■ **What the task requires**: Would you transcribe the whole listing exactly and drop its images?

■ **The data**:
· · ·

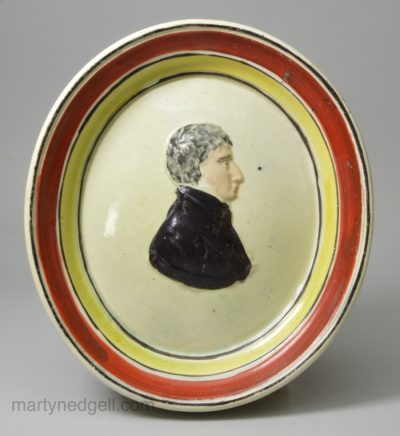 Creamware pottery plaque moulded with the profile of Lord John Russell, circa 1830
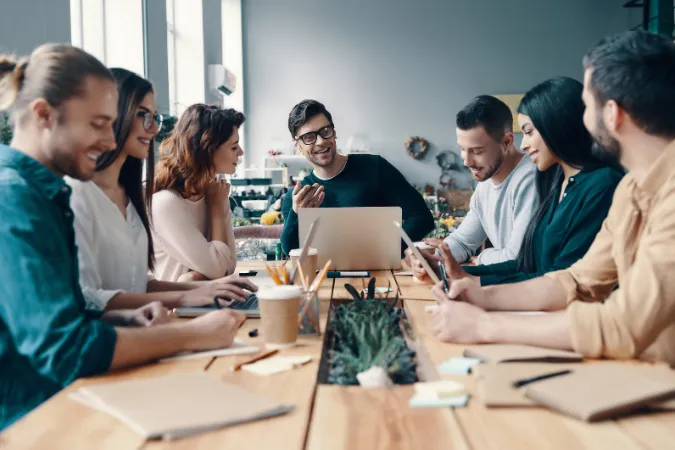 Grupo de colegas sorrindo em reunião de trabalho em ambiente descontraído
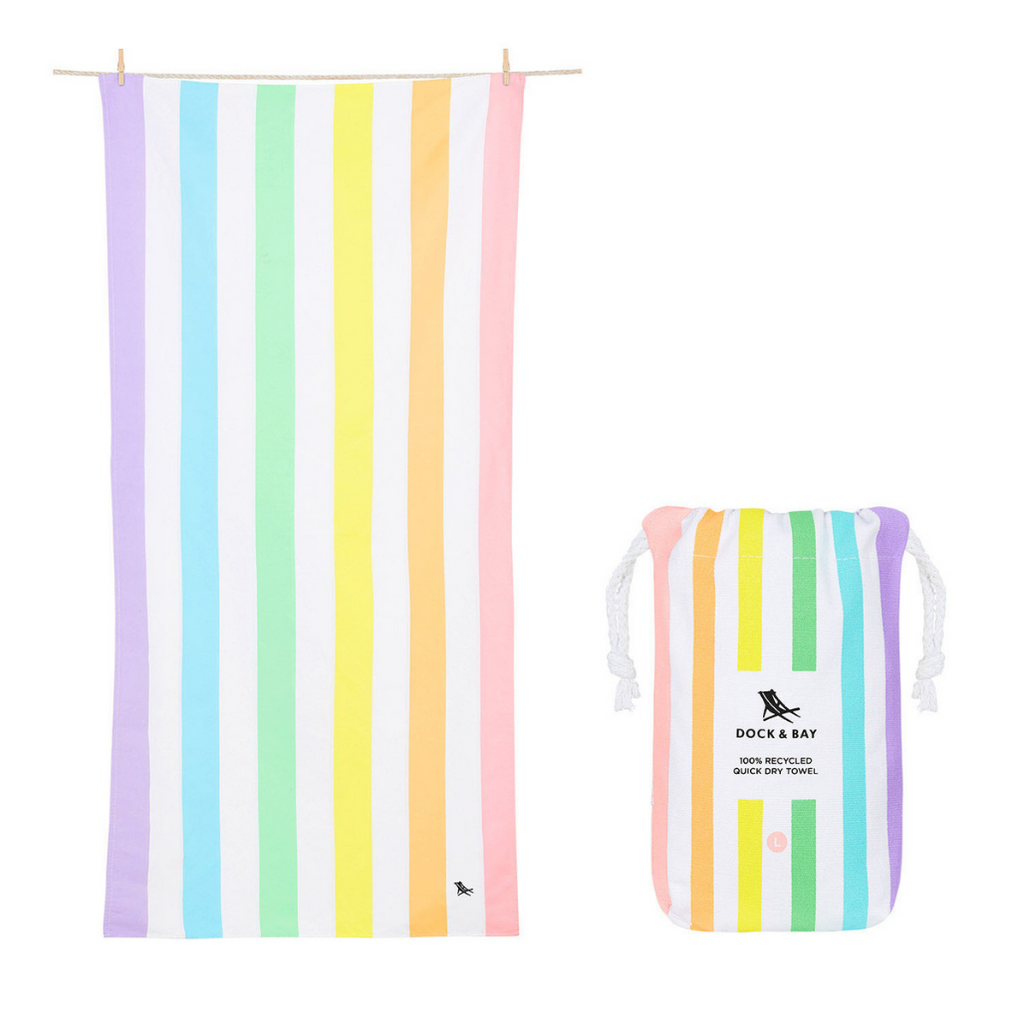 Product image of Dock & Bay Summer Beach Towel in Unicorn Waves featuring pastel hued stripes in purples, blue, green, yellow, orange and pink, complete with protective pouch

· · ·

■ **Solved problem**:
 Creamware pottery plaque moulded with the profile of Lord John Russell, circa 1830
 Grupo de colegas sorrindo em reunião de trabalho em ambiente descontraído
 Product image of Dock & Bay Summer Beach Towel in Unicorn Waves featuring pastel hued stripes in purples, blue, green, yellow, orange and pink, complete with protective pouch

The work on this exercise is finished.